The measure was introduced after teacher Mark Berndt was arrested in 2012 and charged with 23 counts of lewd conduct. The Los Angeles Unified School District said red tape in the firing process was responsible for the district paying $40,000 to the teacher to drop his appeal of his firing.
Appeals of firings that now can take more than a year would be expedited under the new law.
A teacher accused of the most egregious misconduct, including sex abuse, child neglect and drug crimes, would be given 30 days after being fired to seek an independent hearing, which would then have to start within 60 days.
The hearing would be overseen by an administrative law judge, not a three-person panel, and the decision would be binding.
"We all agree that the current dismissal appeal process takes too long and costs too much money," said Assemblywoman Joan Buchanan (D-Alamo), who introduced AB 215. "The only ones who benefit are attorneys."
The measure was supported by the California Teachers Assn., but the Assn. of California School Administrators and Los Angeles schools Supt.

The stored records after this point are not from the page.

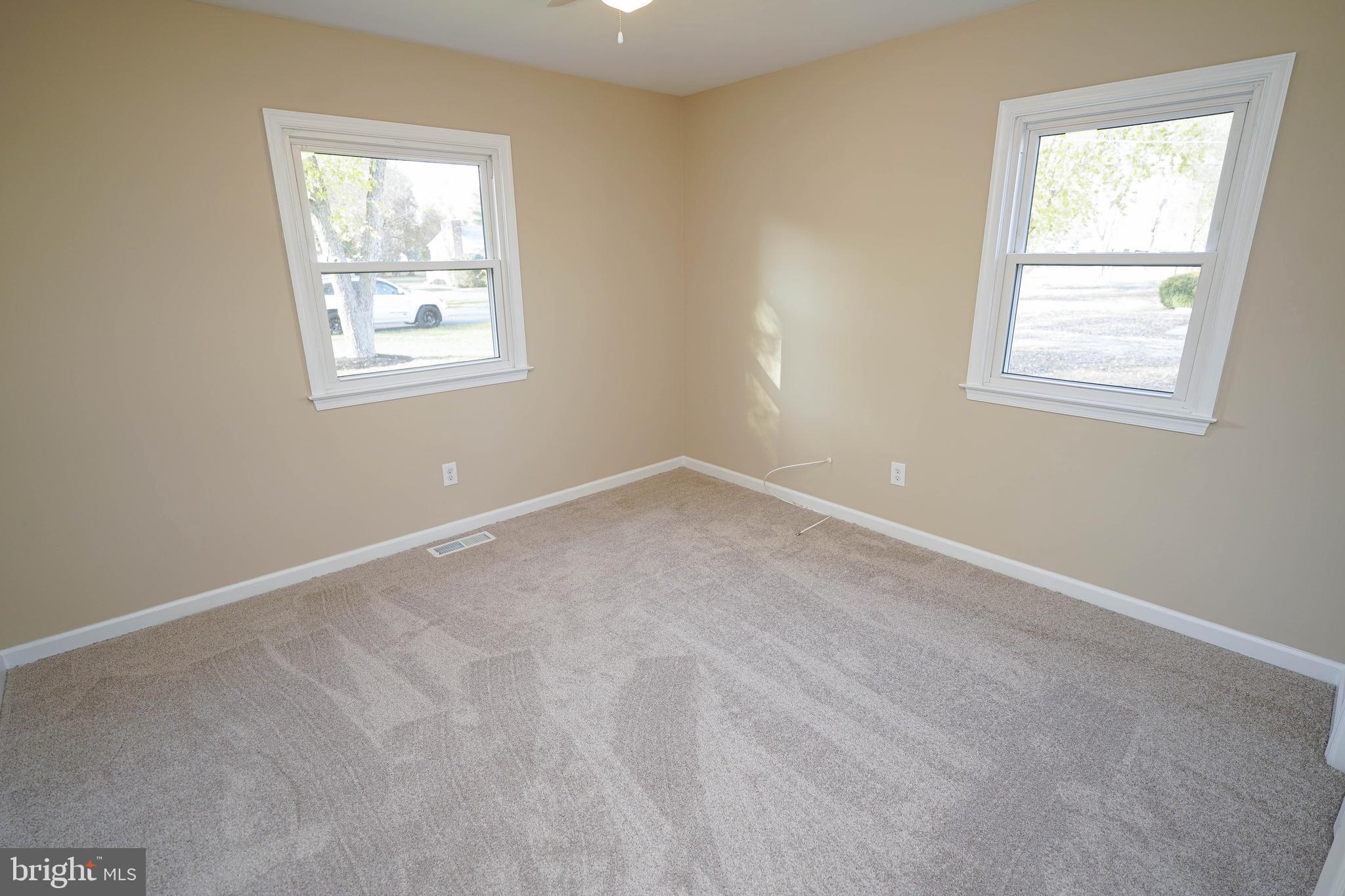 LIVINGSTON HEIGHTS - Residential Lease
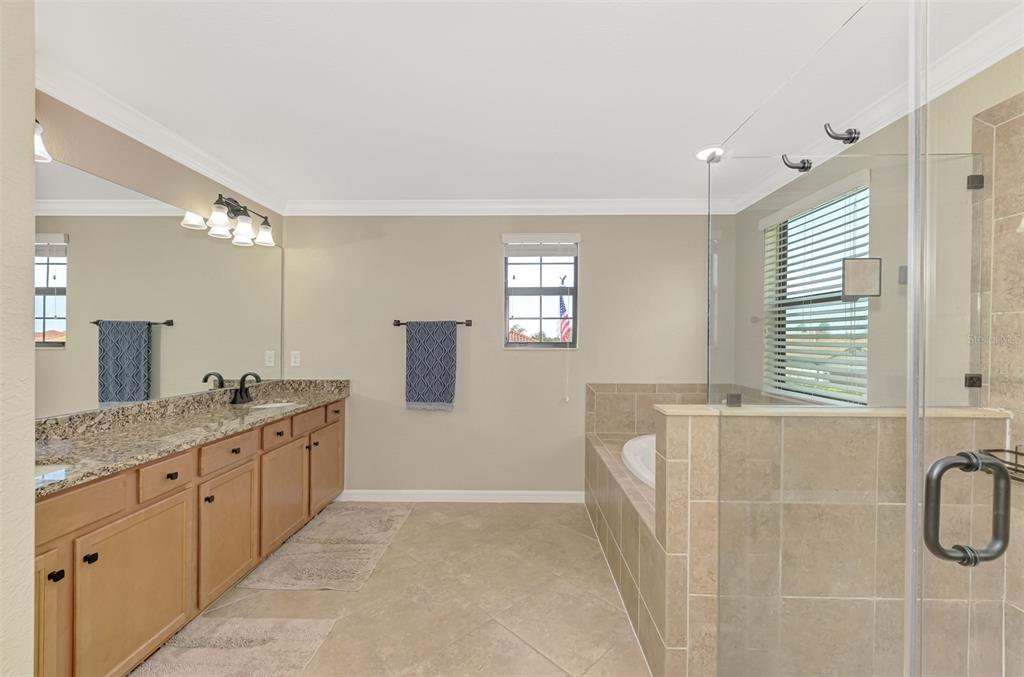 Venice, Florida, 34293, United States, 5 Bedrooms Bedrooms, ,3 BathroomsBathrooms,Residential,For Sale,1705065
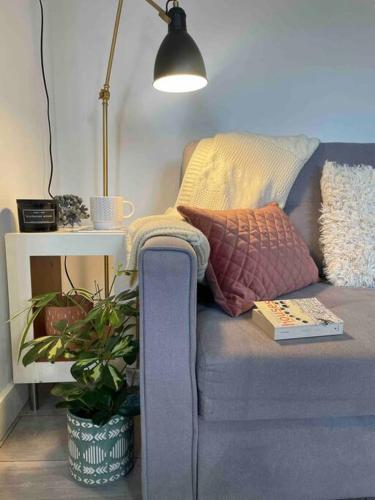 One bedroom Putney Village flat - Tap to explore photos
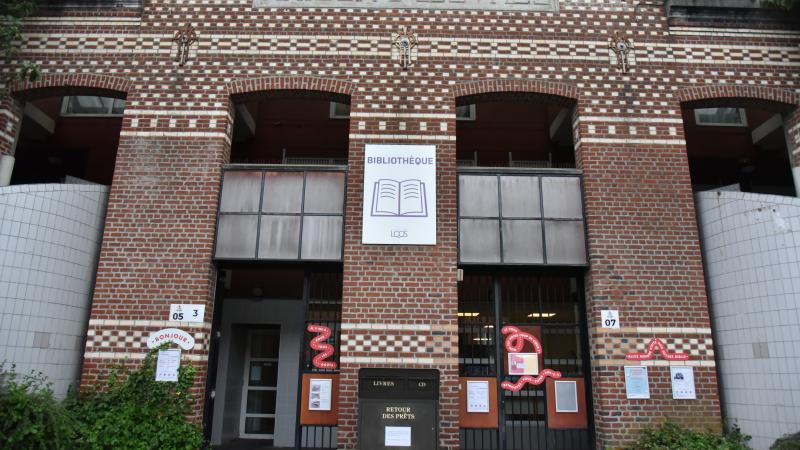 Bibliothèque municipale de Loos.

John Deasy opposed the measure.
The administrators' group worried the tight deadlines could create obstacles to firing teachers and the definition of egregious conduct was too narrow, excluding crimes including armed robbery and aggravated assault, according to Naj Alikahn, a spokesman for the association.
"The bill is not everything that we wanted but it is a start," said Los Angeles school board member Tamar Galatzan.

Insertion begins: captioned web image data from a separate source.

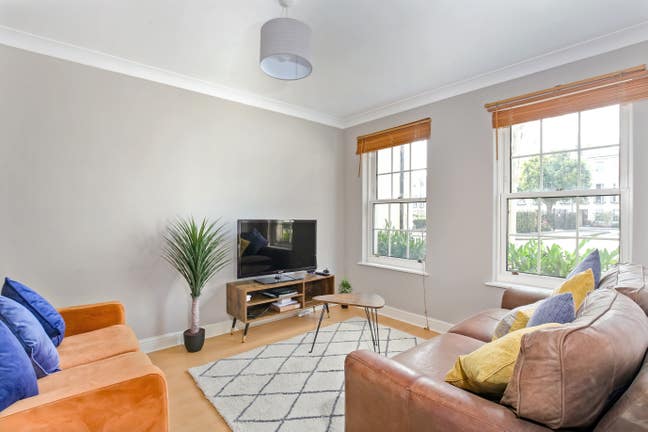 BA1 - Shared House - Double Bedroom Main Photo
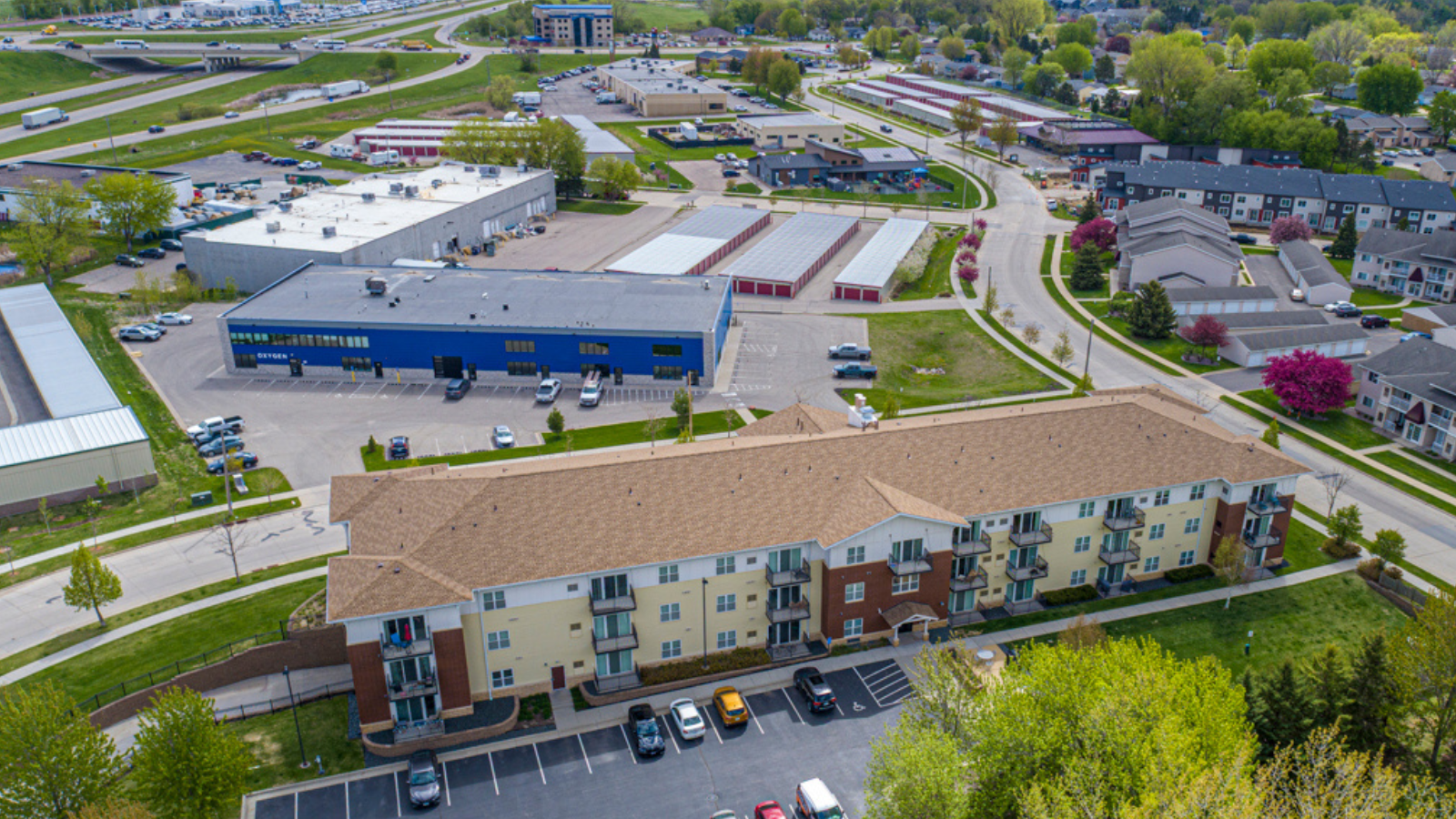 Cascade Apartments_C&W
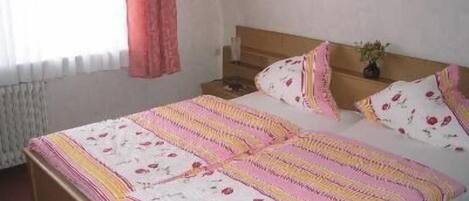 1 bedroom, iron/ironing board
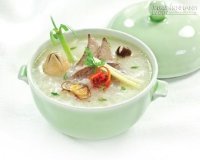 Bài thuốc từ cháo hỗ trợ khắc phục tật cận thị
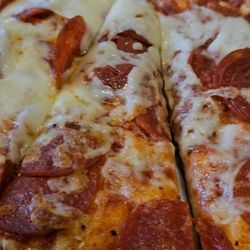 Mikey's Pizzeria - Pepperoni Pizza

The new law also allows evidence older than four years to be used in cases of alleged sexual misconduct.
"The governor signed AB 215 to improve the dismissal process in California," said Jim Evans, a Brown spokesman.
In all, the governor signed 17 bills into law Wednesday, with most taking effect Jan. 1.
Brown also approved a measure aimed at helping California's burgeoning private space industry by strengthening the liability waiver signed by spaceflight passengers. The new law builds on a limited liability measure approved in 2012 by the Legislature for commercial space ventures.
"Clarifying and strengthening the current waiver required by federal and state law is one small step in the right direction to support the commercial space industry," said Sen. Steve Knight (R-Palmdale), who introduced SB 415.